“It’s the great unknown of this industry,” Scott Petty, Vodafone UK CTO, says of 5G smartphones.
While operators in the US and Asia vie to be the first to launch a commercial network later this year, the first smartphones, complete with new chipsets and batter management capabilities, won’t be available until mid-2019. And no one knows what form they will take.
It’s this uncertainty that means Vodafone is relaxed about a possible 2020 UK launch date and is more excited about how 5G will change its network – at least for now. It acknowledges 5G is a buzzword, but believes this shouldn’t detract from its ability to be a “gamechanger” for the mobile industry.

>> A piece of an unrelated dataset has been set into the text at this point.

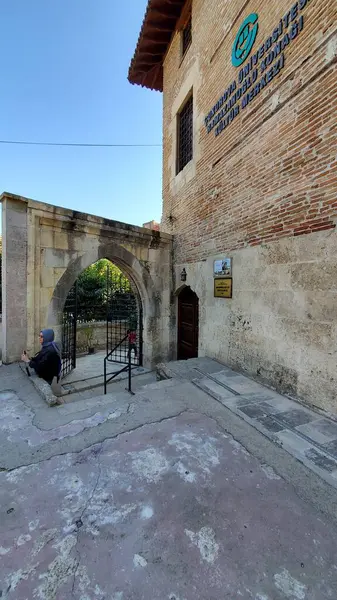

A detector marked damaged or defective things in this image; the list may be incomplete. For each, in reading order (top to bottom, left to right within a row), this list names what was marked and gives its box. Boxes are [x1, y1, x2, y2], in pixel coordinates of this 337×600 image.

cracked pavement [0, 364, 336, 596]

Petty shares the conventional wisdom that 5G will enable revolutionary new applications thanks to its ultrafast speeds, enhanced capacity and ultra-low latency, but also cautions that when the first 3G networks were being built and 4G was being standardised, it was impossible to foresee the impact that smartphones would have.
Early 5G networks will use new radio technologies but still connect to the same core network as 4G. This will mean faster mobile broadband speeds, but the truly transformational aspects will rely on a rethinking of how core networks are built.
“A lot of [5G] is already real,” he argues. “The areas we get really excited about are what it does our core network. The first thing is virtualising our core infrastructure, taking out our legacy infrastructure and making it cloud enabled so we can move it around our network.”
Vodafone is already preparing its infrastructure by converging it’s mobile and fixed network teams into a single unit. The ‘Redstream’ platform makes use of Vodafone’s own fibre assets, meaning it has advantages over other operators which are more reliant on Openreach’s network.
“That network allows us to give low latency not just home broadband customers but also on our 3G and 4G network,” explains Kyle Prigg, Head of Networks at Vodafone UK. “In the future we will be able to give low latency to 5G.”
There have been other long-term projects too. Vodafone’s 4G network is now available to 98 per cent of the UK population (although it trails EE’s geographic coverage) while it’s voice service is available to 94 per cent of the country – a figure it claims is more than any other operator.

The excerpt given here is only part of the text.